Les cartons vides viennent de partir dans les bras d'un jeune couple. Molly ne leur a presque pas grogné après. Ca marque la fin de mon déménagement, même si j'ai toujours du mal à réaliser.
Il faut que je réfléchisse dans quelle rue tourner, depuis une semaine, pour rentrer. J'ai un moment de stress au moment d'entrer le digicode. Je n'ai pas encore repéré où étaient toutes les poubelles et quels jours passaient les éboueurs. Je me bagarre quotidiennement avec la serrure de la boîte aux lettres.

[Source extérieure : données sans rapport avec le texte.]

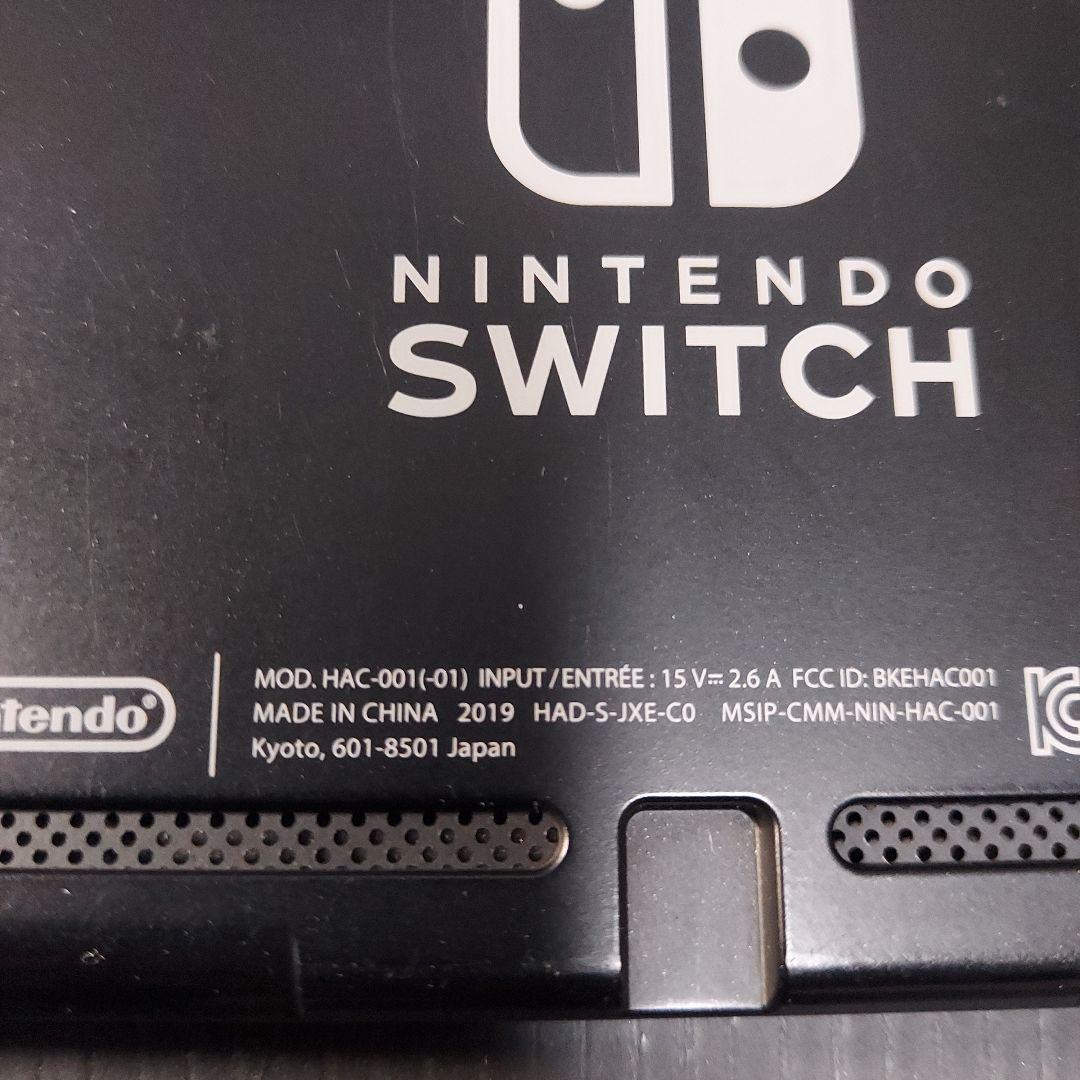 Nintendo Switch　本体　2019年式　バッテリー強化版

Mais les livres sont sortis de leurs carcans et tout a trouvé sa place, si bien que ce matin, à genoux devant une table basse défoncée, j'ai commencé à peindre des lettres. Pour l'instant je n'avais la place pour faire sécher que "FEMMES VICTIMES DE" alors je suis partie à la recherche d'épingles à linge pour pouvoir compléter "VIOLENCES : ON VOUS CROIT" avant d'aller l'apporter à notre nouveau QG.
Je me suis octroyé le petit kiff d'aller coller en face de mon boulot, sur un rond point très fréquenté. Courir sur les pavés déformés entre deux feux à la lumière des réverbères a été une délivrance.
Dimanche dernier, alors que le camion de déménagement tournait quasi sur deux roues sur cette même place, j'ai senti un appel d'air sur ma droite : si ma pote n'avait pas mis sa ceinture, elle aurait peut-être roulé sur la chaussée, si elle avait tenu mon chat dans ses bras, je n'en aurais plus.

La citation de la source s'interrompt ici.